Citation: [2023] EWHC 3305 (Ch)
Judgment on


The High Court of Justice case Asturion Foundation v Aljawharah Bint Ibrahim Abdulaziz Alibrahim delves into complex legal disputes over the validity of a property transfer, examining various legal principles under both English law and the law of Liechtenstein, where the Foundation is established. The case turns on whether the transfer of Kenstead Hall to the Princess was valid or void due to an alleged contravention of the Foundation’s purpose and the alleged excess of internal competencies by the Foundation’s trustee.

Key Facts

Asturion Foundation, established in Liechtenstein by the late King Fahd of Saudi Arabia, intended to manage a pool of assets including Kenstead Hall in London. The case concerns the validity of Kenstead Hall’s transfer to King Fahd’s widow, the Princess, initiated by the trustee Me Assaly based on purported instructions. Post-King Fahd’s death, questions arose whether the transfer respected the Foundation’s purpose and whether Me Assaly possessed the requisite authority to enact the transfer unilaterally.

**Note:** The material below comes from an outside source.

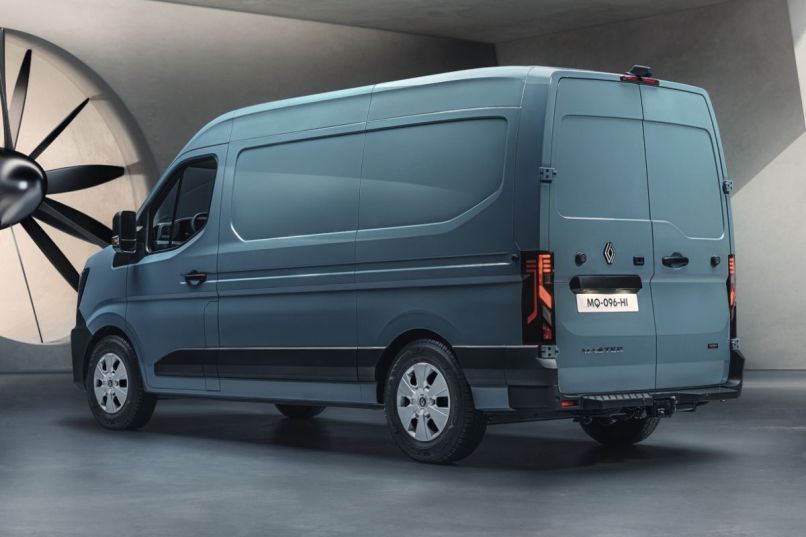 renault-master-2023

Several legal principles were contemplated in this case:

Foundation’s Purpose and Internal Competency

The Foundation’s purpose and the trustee’s competencies are governed by Liechtenstein law. The Court examined whether the late King Fahd’s instructions to transfer properties formed part of the Foundation’s immutable purpose and whether Me Assaly exceeded his internal powers by acting alone.

Ostensible Authority

Under English law, an agent may bind a principal not only by their actual authority but also by apparent or ostensible authority, based on representations made by the principal to a third party. The Court rejected the application of this principle, focusing instead on the transaction’s voluntary and unremunerative nature, which did not entail the necessary give-and-take present in most ostensible authority scenarios.

Section 26 of the Land Registration Act 2002

S.26 protects a disponee from limitations on the disponor’s power to dispose of the registered estate if not reflected as a restriction on the register. The Court determined that this provision validated dispositions such as the one at issue absent any registered limitation.

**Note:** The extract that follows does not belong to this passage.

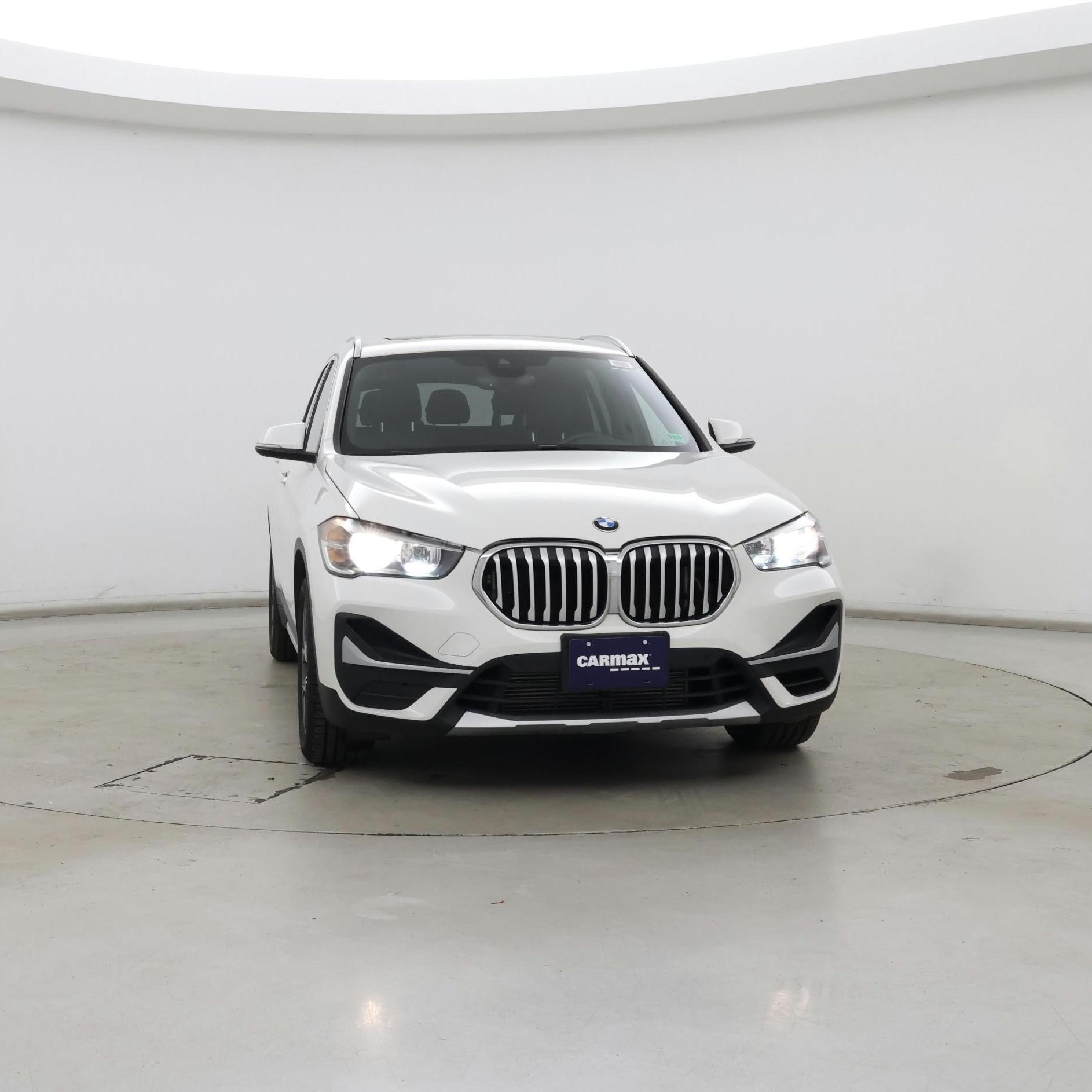 Thumbnail: 2022 BMW X1 - 5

Equitable Interests and Priorities

This concerns whether an equitable interest stands in priority to legal title after transfer. If so, remedies like rescission or damages for knowing receipt may be applicable. Nevertheless, if the transfer is without value, as per ss.28-29 LRA 2002, the original equity will not be defeated despite transfer.

Choice of Law

The applicable law for assessing the validity of the transfer is primarily English law since the property lies within England. Concerning breach of fiduciary duty and unjust enrichment, the Court navigated the choice of law rules, concluding that English law governed these issues.


The Court held:

  1. The transfer of Kenstead Hall was not void due to contravention of the Foundation’s purpose or Me Assaly’s lack of internal competency.
  2. The secondary claims for rescission predicated on breach of fiduciary duty or mistake were dismissed.
  3. The tertiary claim of unjust enrichment was denied as the enrichment was not unjust.
  4. The claim for damages for knowing receipt was rejected as no breach of fiduciary duty had been established.

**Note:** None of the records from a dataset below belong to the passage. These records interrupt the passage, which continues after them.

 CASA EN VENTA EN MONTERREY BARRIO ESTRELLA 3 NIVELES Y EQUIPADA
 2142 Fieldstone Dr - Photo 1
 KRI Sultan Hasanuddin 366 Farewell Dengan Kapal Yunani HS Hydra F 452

In summary, the High Court rejected all claims by the Foundation, finding that the legal transfer of Kenstead Hall to the Princess was valid and unimpeachable under the s.26 LRA 2002, irrespective of the alleged breaches of duty or authority under Liechtenstein law. The principles of ostensible authority and the preservation of equitable interests were also considered but found inapplicable in voiding the transfer. The decision exemplifies the careful interplay of domestic and foreign laws in validating property transactions, especially involving international entities.